Hi, so I am new and still in the stages of preparing for a hedgehog. I hope to get a baby by the end of July. My concern is- my apartment gets really warm at night. I have my air conditioner set fairly low in the bedroom, then the living room gets scorching. How can I keep a future cage cool enough? Any suggestions will be appreciated!


----------



## elise5211 (Jun 2, 2011)

What does the thermometer read?


----------



## awbat3 (Jun 2, 2011)

When I got up this morning the living room was about 80, maybe a degree or two warmer. That was with the bedroom door shut, and that is where the A/C unit is. The a/c is at about 67 but turns off when it reaches that. I guess I may just need to open the bedroom door at night?
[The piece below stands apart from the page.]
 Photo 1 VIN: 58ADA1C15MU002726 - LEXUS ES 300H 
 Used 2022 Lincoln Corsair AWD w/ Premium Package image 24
It may raise the electricity bill, but it could be done


----------



## elise5211 (Jun 2, 2011)

The room my hedgie is often times that hot, and she seems fine. African pygmies are mostly aestivators, so it's better to be a warmer than a little bit cold. When the heat wave happened a few days ago (and today actually) and her room got around 85, I could tell she was too hot, so I put a sack of ice in her cage.


----------



## Immortalia (Jan 24, 2009)

80 is perfectly ok. Just have a tile in the cage to provide a cooler place to splat and the hedgie should be fine. Even a small fan not directly pointed at the cage just to get circulation going will be fine. 67F ac air is much too cold for a hedgie, especially since ac air feels colder than it reads. So it'd feel more like low 60s which is deadly to a hedgie.


----------



## awbat3 (Jun 2, 2011)

thank you both so much! so, it may be a better idea to keep the door shut, thus trapping the cool air in the bedroom, and keeping the hedgie in the living room, but providing a tile to cool down with? Just making sure my future hedgie's home will work =)


----------



## Quinn (Apr 24, 2011)

Same problem here in Toronto. I just moved into an apartment and there's no air con  . Also we're breaking heat records today! I'm scared it's too hot for Quinn since she likes it cooler around 72 degrees. It's defiantely over 80 degrees in here and I have numerous fans running. I was thinking of putting her in the bathroom with the tile floors.


----------



## elise5211 (Jun 2, 2011)

Donna's room is REALLY hot right now (87 degrees) so I put a bag of ice on top of her flower pot. I woke her up and put her in there to let her know that it's cool in there, but she just went right back into her igloo, like the heat is not a problem.


----------